>From quick & easy, to slower & more difficult, here are some options:

Use the functions you want in your own code, and find happiness in the fact 
that they are quick & easy to write.

Make a library of this and perhaps other related functions on github.  Perhaps 
also release JARs to clojars.org for other people to use.  Post announcements 
of new versions to this list so more people learn about it.

Add the functions you want to a Clojure contrib library.  I don't know off-hand 
one that would be best for it, but perhaps creating a new one based off of the 
things that were in the "old" clojure.contrib.seq, perhaps with a name like 
clojure.contrib.seq, would be appropriate.

If you want to see something like this in clojure.core, you can create a ticket 
on JIRA, preferably with a patch adding the new function as well as some unit 
tests, and then some day it may be screened and later included in Clojure's 
core code.  For some of the reasons you have read in this thread, it might be 
rejected.   http://clojure.org/patches has links to more info on the process.
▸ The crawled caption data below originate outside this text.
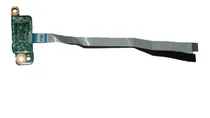 Comprar Power Button Boton Encendido Hp Da0y0apb4c0 11.6  11-d 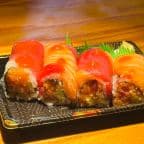 Best Fred Roll in Bensalem, PA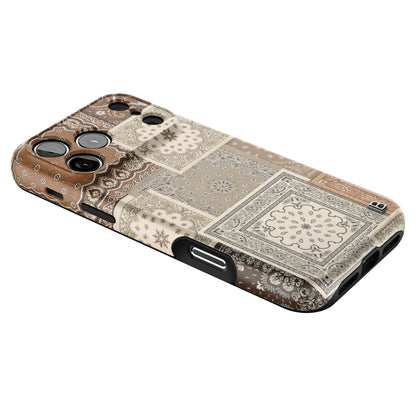 men-tanner-statement-iphone-case-Iphone_18_Pro_Max_2.jpg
And, of course there is the option of trying to convince other people to do one 
of the above.  That can be anywhere on the scale of amazingly quick & easy, to 
incredibly frustrating & hard, depending upon your ideas, how persuasive you 
are, and who reads your arguments.

Andy
 
On Jun 28, 2012, at 10:55 AM, Warren Lynn wrote:

> Here is "another language" elisp:
> 
> Anybody who use Emacs can do this:
> 
> (subseq (make-vector 5 10) 2 4) => [10 10]
> (subseq '(10 10 10 10 10) 2 4) => (10 10)
> 
> As simple as that. Is that even worth the debate? :-)
> 
> On Thursday, June 28, 2012 11:30:25 AM UTC-4, Warren Lynn wrote:
> Some of my thoughts:
> 
> 1. The argument that other languages do not have a similar thing is not 
> valid. If that is valid, we don't need Clojure in the first place.
> 
> 2. The argument that other people did not raise the issue before and not 
> enough people support it so this is a non-issue is also not valid. If that is 
> valid, the vote-based committee designed language will be the best, and also 
> the most popular language will be the best. Of course, I do need people's 
> support so the change will happen, but that is different from the issue 
> itself.
> 
> 3. Simplicity is defined as "constant time" operation is really weird  here 
> to me. Simplicity in my view is a clear abstraction so conceptually things 
> behavior consistently, regardless the time. The user himself knows that 
> counting a sequence will take longer than vector, so it is his choice to use 
> vector of sequence. But counting is still counting, and he does not need to 
> have to choose between"countvec" or "countseq". That is what abstraction is 
> about.
> 
> 4. Back to my original need. I need to use vector a lot because I deal with 
> large data set for numeric processing. When I extract a segment from the 
> vector, I still want it to be a vector. Of course it is doable even now (with 
> "vec" you can convert a sequence back to vector). But when I am writing some 
> basic routines, I don't want to limit them to vector as they may be useful 
> for sequence too. Still, I can write separate versions or with a lot of 
> conditions as someone else did. But are we trying to achieve something better 
> than doable here?
> 
> 5. The solution is really simple. Add one or two functions as I suggested 
> before. I don't see any downside of that.